De plus, l’armée pourrait assister la police à l’aide de véhicules blindés. Les officiers de la police militaire de l’armée assurent d’ores et déjà certaines fonctions dans des missions étrangères, « qui ne diffèrent pas fondamentalement de celles assurées en Allemagne », a précisé Schelleis.

« Nos soldats ont acquis à l’occasion de diverses missions à l’étranger une considérable expérience en matière d’organisation de points de contrôle, de gestion des risques d’explosion ou de garde d’immeubles. Ils apportent des connaissances et des qualifications qui pourraient servir dans une situation terroriste », a dit le général.

Les déclarations de Schelleis mettent en lumière les conséquences de grande envergure de l’utilisation de la Bundeswehr sur le sol allemand. En cas d’urgence, la Bundeswehr apporte sur la ligne de front domestique « des connaissances et des qualifications » qu’elle a acquis durant des opérations de guerre au Kosovo, en Afghanistan ou au Mali – l’assujettissement et la répression brutale de la population indigène !

Le déploiement policier-militaire de la Bundeswehr viole de manière tellement évidente la Loi fondamentale [la Constitution allemande] que même des défenseurs d’une stricte politique sécuritaire ont émis des critiques. Dans un article d’opinion paru dans le quotidien économique Handelsblatt, le chef du syndicat de la police fédérale allemande, Rainer Wendt, a prévenu que les prochains « jeux de guerre à l’intérieur du pays » pourraient « supplanter ce qui est la chose la plus précieuse que notre société a à offrir, notre constitution. Les hommes et les femmes qui ont rédigé notre constitution savaient exactement pourquoi ils avaient imposé de strictes limites au déploiement de forces armées à l’intérieur du pays. »

Wendt, qui préconise un considérable renforcement des pouvoirs et de l’équipement de la police, n’aborde pas directement cette question. Mais l’interdiction visant les missions de la Bundeswehr sur le sol allemand ainsi que la séparation de la police et de l’armée ont été inscrites dans la constitution d’après-guerre précisément à cause des expériences faites sous l’Empire du Kaiser, la République de Weimar et la dictature nazie. L’armée allemande et les formations de combat paramilitaires tout comme les services de renseignement et la police, ont servi d’instruments brutaux de domination et d’oppression à l’intérieur du pays.

Cette tradition funeste doit actuellement être relancée.
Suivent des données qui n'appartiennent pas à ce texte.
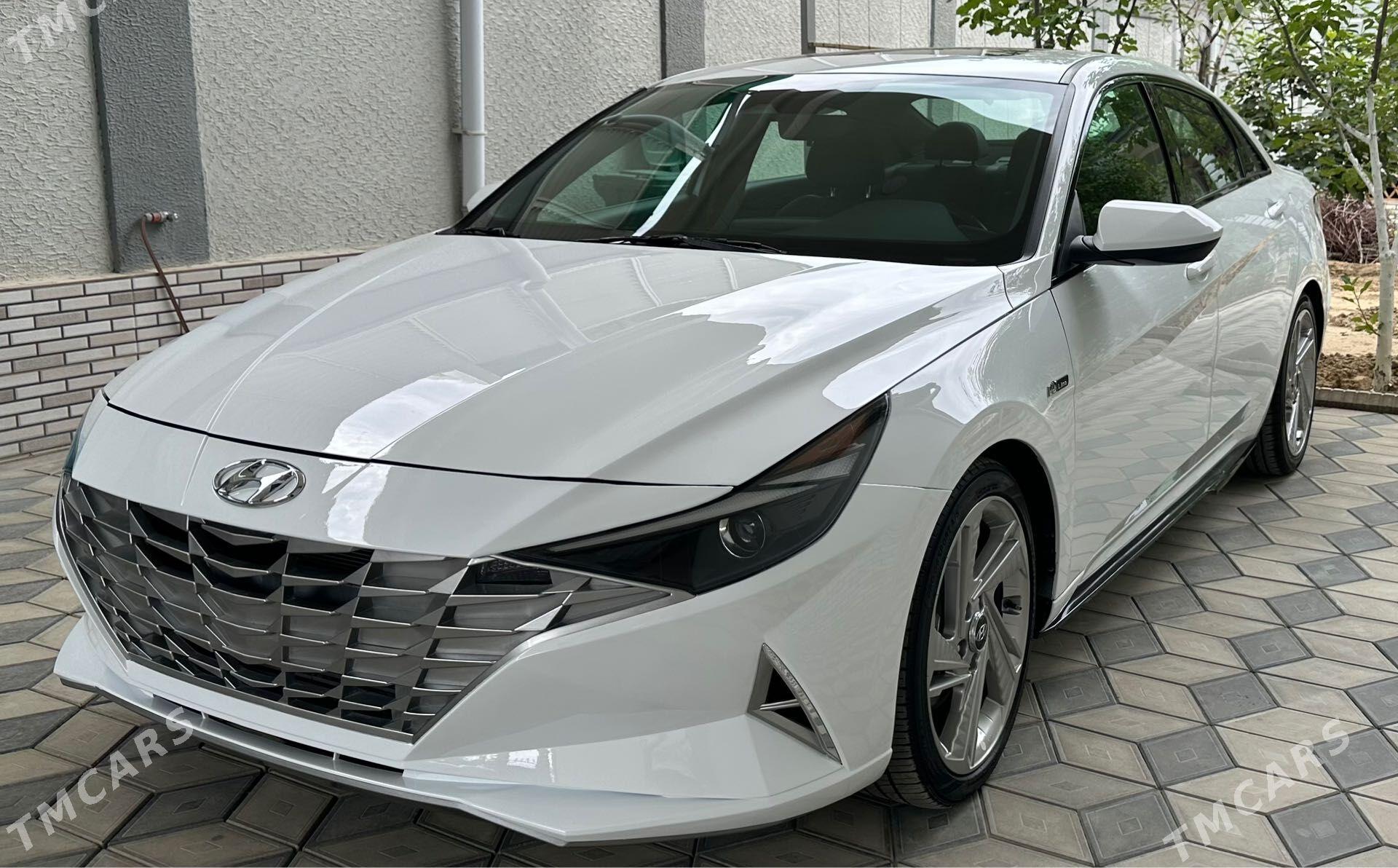 Hyundai Elantra 2021 - 290 000 TMT - Aşgabat - img 1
Le nouveau « Livre blanc 2016 sur la politique allemande de sécurité et l’avenir de la Bundeswehr » établit la doctrine de la politique sécuritaire officielle de l’Allemagne. Il affirme dans la partie « Déploiement et rôle de la Bundeswehr en Allemagne » qu’« afin de seconder la police dans la gestion efficace d’une situation d’urgence, les forces armées sont aussi habilitées sous certaines conditions bien particulières à accomplir des tâches relevant de la souveraineté en ayant recours à des pouvoirs d’intervention et de contrainte. »

Le Livre Blanc, tout comme les politiciens allemands, justifient l’utilisation de la Bundeswehr en faisant référence aux récentes attaques terroristes commises en Europe. Dans une interview du Bild, von der Leyen a dit, « Paris nous a tous ouvert les yeux. Je préfère quant à moi le scepticisme à une accusation ultérieure comme quoi nous n’étions pas préparés. »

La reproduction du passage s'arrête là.